• [WORK TO COMPLETE]: Once the line with "Kit 2 Shorts" has been located in the records below, set down that line and all subsequent lines exactly, omitting the pictures.

• [MATERIAL SHOWN]:
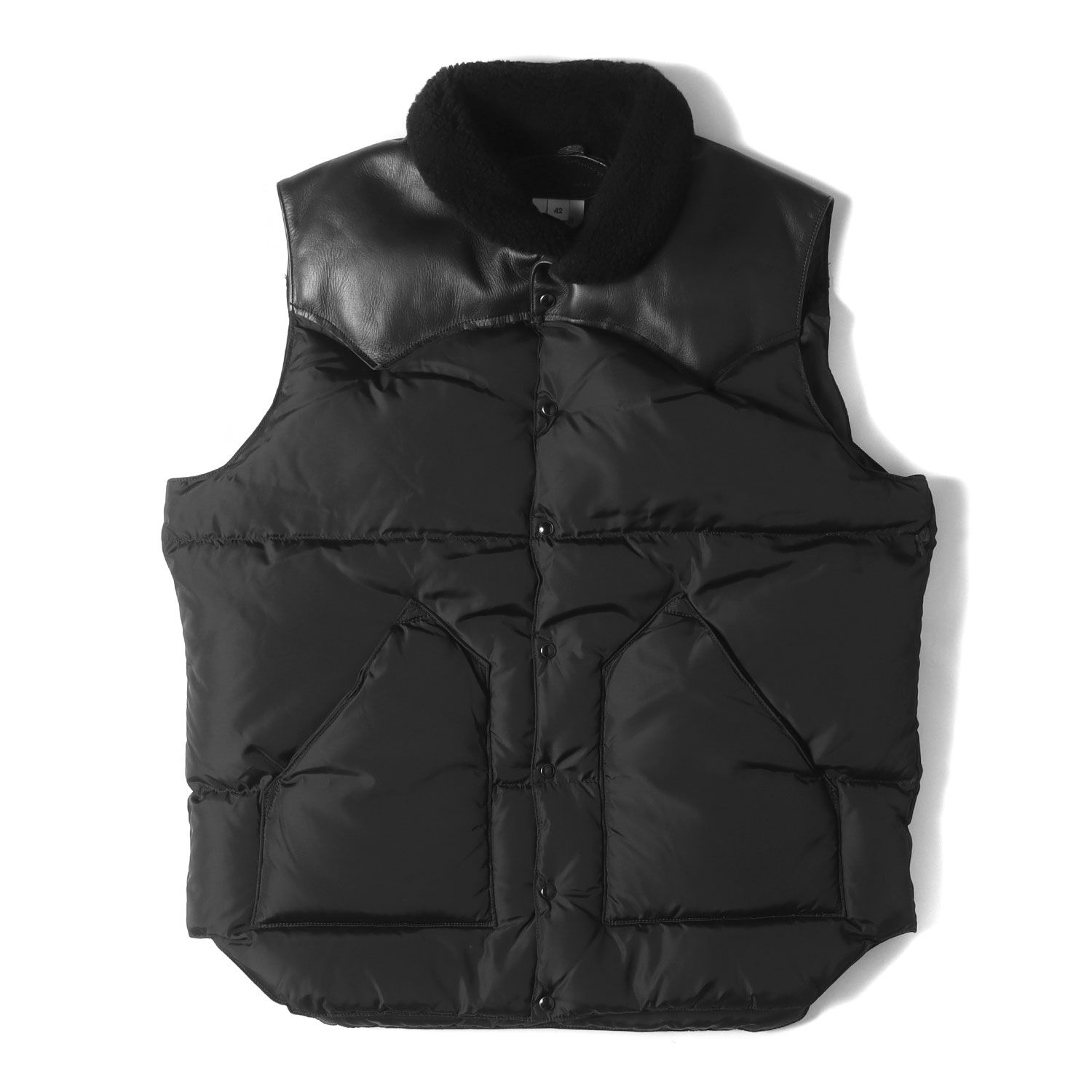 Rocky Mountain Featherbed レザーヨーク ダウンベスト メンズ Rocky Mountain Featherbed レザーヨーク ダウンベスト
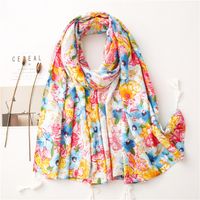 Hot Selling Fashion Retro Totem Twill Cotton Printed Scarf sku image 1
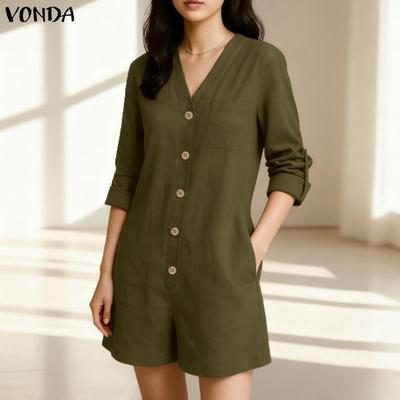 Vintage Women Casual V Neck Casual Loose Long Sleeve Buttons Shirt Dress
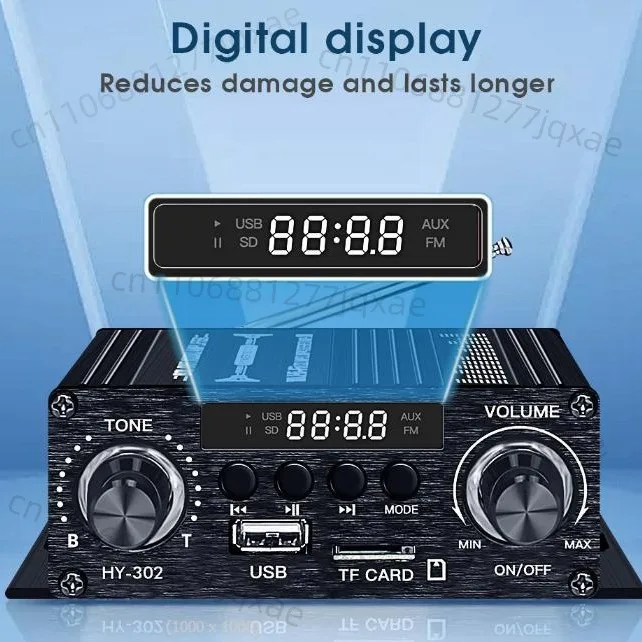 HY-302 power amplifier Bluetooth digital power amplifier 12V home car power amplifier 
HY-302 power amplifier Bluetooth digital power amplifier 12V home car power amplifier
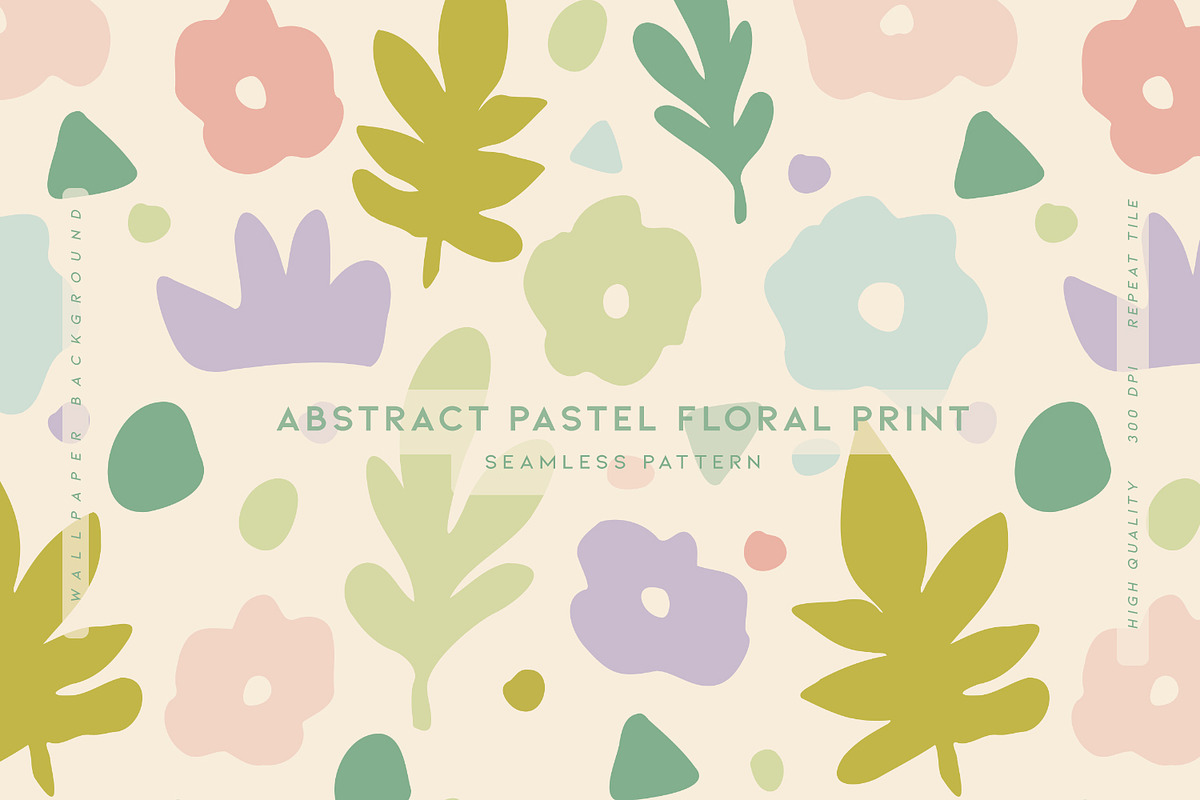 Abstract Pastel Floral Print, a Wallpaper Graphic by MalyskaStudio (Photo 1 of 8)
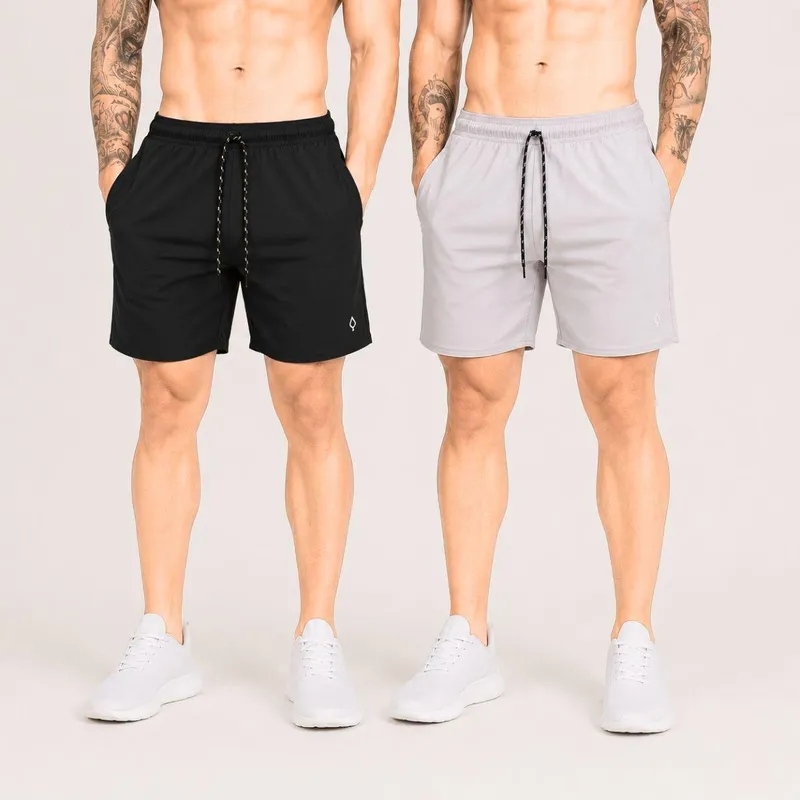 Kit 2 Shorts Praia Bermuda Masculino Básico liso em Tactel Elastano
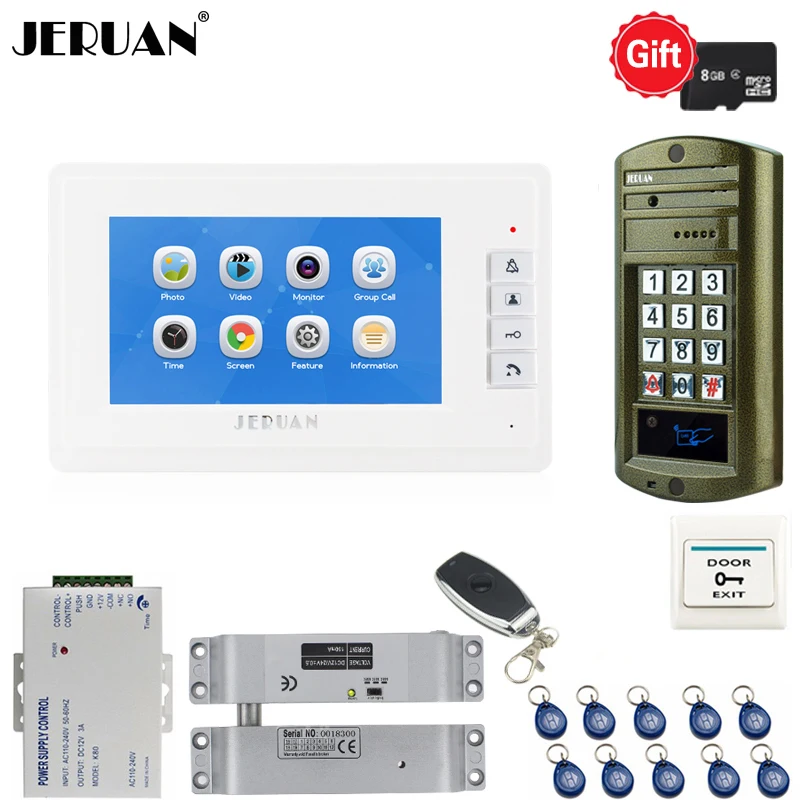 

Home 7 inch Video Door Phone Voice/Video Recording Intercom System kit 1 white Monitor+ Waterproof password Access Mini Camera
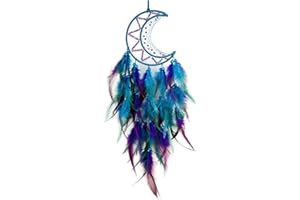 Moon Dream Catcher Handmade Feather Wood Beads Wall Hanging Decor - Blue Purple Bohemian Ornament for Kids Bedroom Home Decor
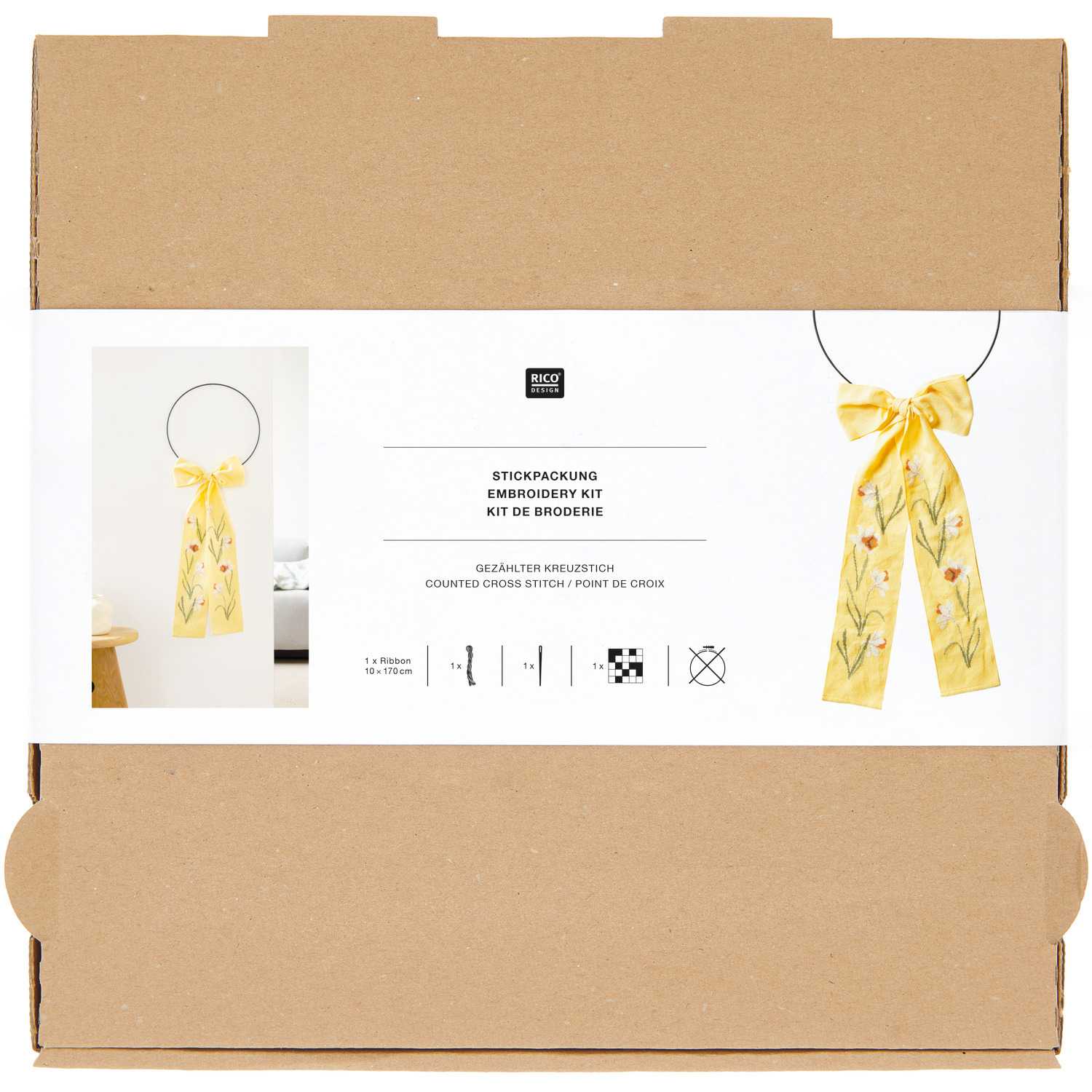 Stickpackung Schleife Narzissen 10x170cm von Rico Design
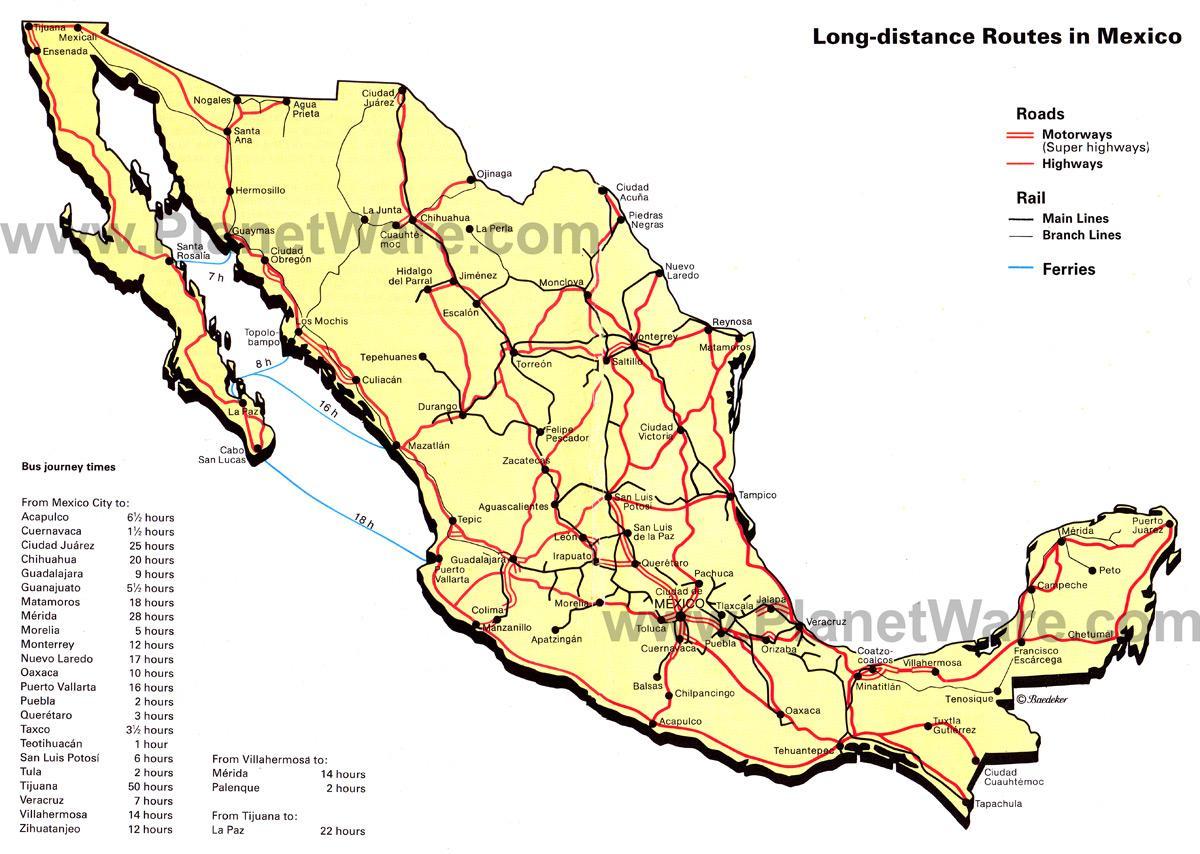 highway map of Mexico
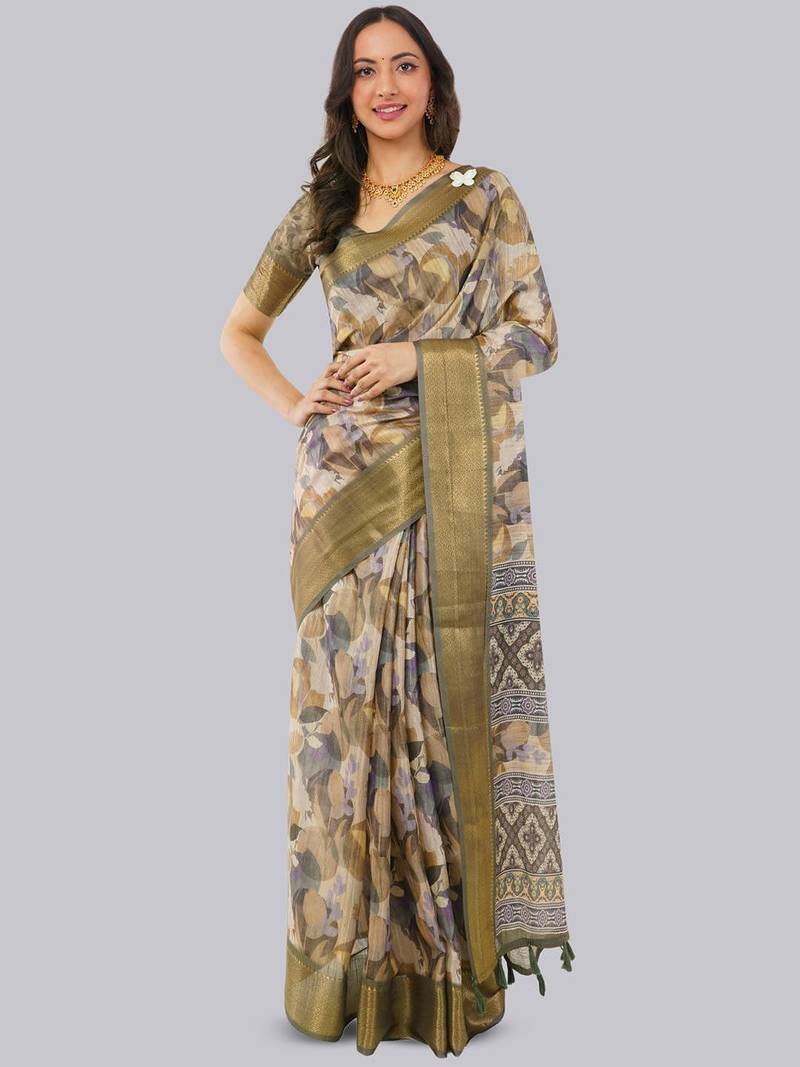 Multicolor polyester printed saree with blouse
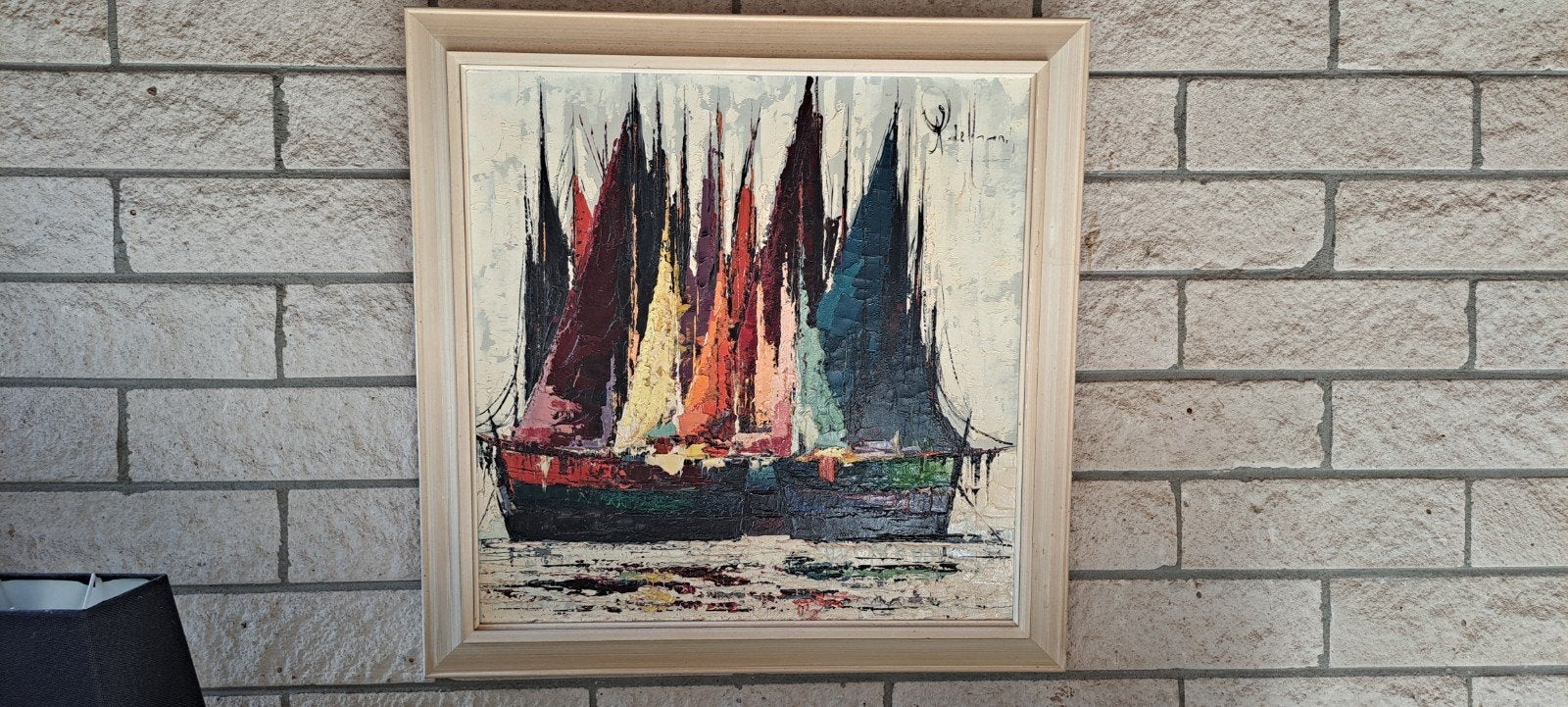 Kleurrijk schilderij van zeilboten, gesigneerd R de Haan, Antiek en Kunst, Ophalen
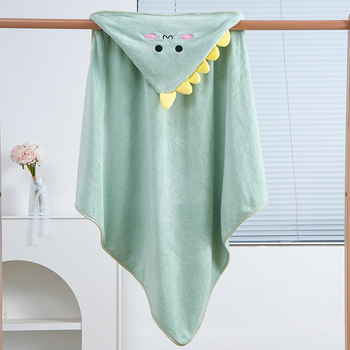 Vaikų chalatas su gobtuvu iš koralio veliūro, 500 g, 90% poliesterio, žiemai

• [RESULT FOR THIS TASK]:
 Kit 2 Shorts Praia Bermuda Masculino Básico liso em Tactel Elastano

Home 7 inch Video Door Phone Voice/Video Recording Intercom System kit 1 white Monitor+ Waterproof password Access Mini Camera
 Moon Dream Catcher Handmade Feather Wood Beads Wall Hanging Decor - Blue Purple Bohemian Ornament for Kids Bedroom Home Decor
 Stickpackung Schleife Narzissen 10x170cm von Rico Design
 highway map of Mexico
 Multicolor polyester printed saree with blouse
 Kleurrijk schilderij van zeilboten, gesigneerd R de Haan, Antiek en Kunst, Ophalen
 Vaikų chalatas su gobtuvu iš koralio veliūro, 500 g, 90% poliesterio, žiemai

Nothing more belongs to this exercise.